もともとの商品に別々の価格があれば、一体資産にはなりません。
また、別々の価格がないとしても、消費者に選ばせている場合も、一体資産にはなりません。
この場合、対価を合理的に按分し、それぞれの商品に該当した税率をかけて計算する必要があります。
例えば、次のような商品を販売したとします。
- 価格:まとめて3品で税抜500円
- 顧客が選んだ商品内容
お菓子:単体の通常価格は税抜300円
あめ :単体の通常価格は税抜150円
玩具 :単体の通常価格は税抜300円
それぞれの単体の通常価格で按分すると、それぞれの価格は次のようになります。
- お菓子:500円×300円/750円=200円
- あめ :500円×150円/750円=100円
- 玩具 :500円×300円/750円=200円
食品は軽減税率8%、玩具は標準税率10%ですので、消費税は、200円×8%+100円×8%+200円×10%=44円となり、税込価格は544円となります。

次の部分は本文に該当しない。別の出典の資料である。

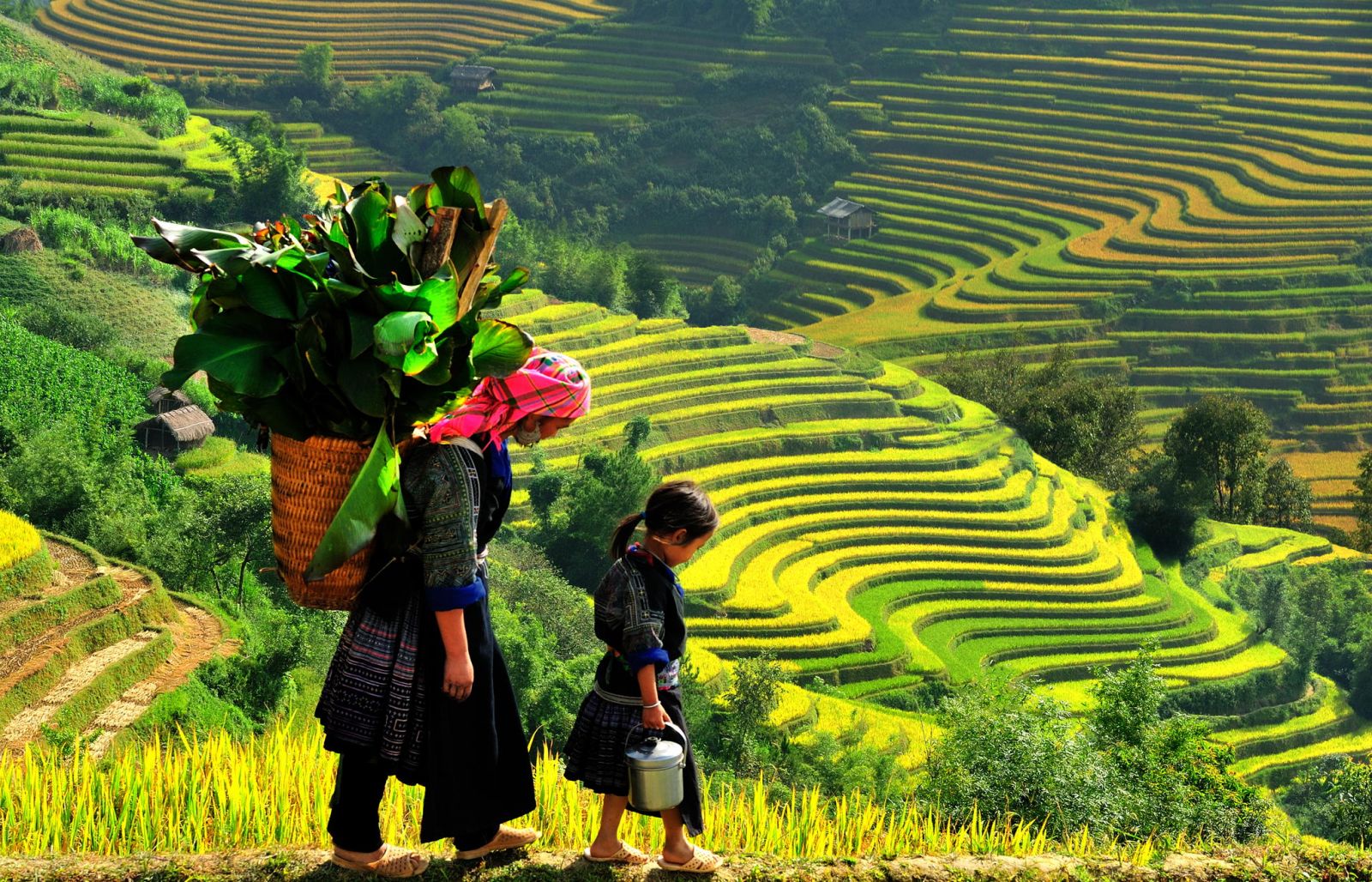 Vietnam Trekking Tours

2-3.特定の飲食料品を購入した際にレジで配布される販促品について
例えばコンビニが、おにぎりを買った客に、レジで3種類の非売品のステッカーのなかから1枚選ばせてプレゼントするキャンペーンを行ったとします。
おにぎりの価格はキャンペーン期間外でも同額です。
この場合、「複数の食品や販促品のなかから、客や事業者が任意に、または無作為に選択する」ため、セット販売になります。一体資産ではありません。
価格配分方法は、おにぎりとステッカーのそれぞれの資産の価格に基づいて合理的に按分することになります。
ここではステッカーは無料と考えることができるので、おにぎりの価格に軽減税率8%が課せられます。
3.一体資産の価格配分方法
続いて、一体資産の価格配分方法をみていきます。
3-1.一般的な価格の按分方法
一般的な一体資産の場合、次の2つのルールによって価格配分をします。
- 一体資産の価格のうち、合理的に計算した食品の売価の占める割合
- 一体資産の価格のうち、合理的に計算した食品の原価の占める割合
例えば、次のような一体資産の商品を販売したとします。
- ティーカップと自家製ハーブティーのセット商品
- 価格:税抜1,500円
- 内訳(ただし販売時は内訳の金額は表示しない)
ティーカップ :単体だと税抜500円
自家製ハーブティー:単体では未販売、価格未設定
自家製ハーブティーは価格が設定されていないので、「飲食料品の価格が全体の2/3以上」かどうかを判定できません。そこで原価をチェックすることになります。
自家製ハーブティーのハーブの原価(仕入れ値)が1,000円であれば、「もし単体で売れば」その価格は1,000円以上になるはずです。したがって「飲食料品の価格が全体の2/3以上」になると合理的に判断できるので、この「ティーカップと自家製ハーブティーのセット商品」は軽減税率8%が適用されます。販売価格も1,500円なので、1万円以下になっています。
自家製ハーブティーの原価が数十円と安ければ「飲食料品の価格が全体の2/3以上」をクリアできないので、この「ティーカップと自家製ハーブティーのセット商品 価格:税抜1,500円」には10%が課されることになります。
3-2.仕入に共通して要した付随費用について
税抜1,500円の「ティーカップと自家製ハーブティーのセット商品」の原価に、配送料などの付随費用が含まれていたとします。
この場合の価格配分は、次の2とおりのいずれかの方法で行います。どちらを採用しても構いません。
- 商品の仕入れ価格(原価)のみで計算する方法
- 商品の仕入れ価格(原価)と付随費用の合計額で計算する方法
ただ付随費用の全額を飲食料品(ここでは自家製ハーブティー)の原価に加算することは認められていません。
まとめ
一体資産とは、あらかじめひとつの商品として販売されているもので、組み合わさった状態の価格のみが提示されているものに限ります。それ以外のセット商品は「セット販売」とみなされます。
また、一体資産の8%か10%かの適用税率判定では、飲食料品と飲食料品以外の売価または原価で按分計算します。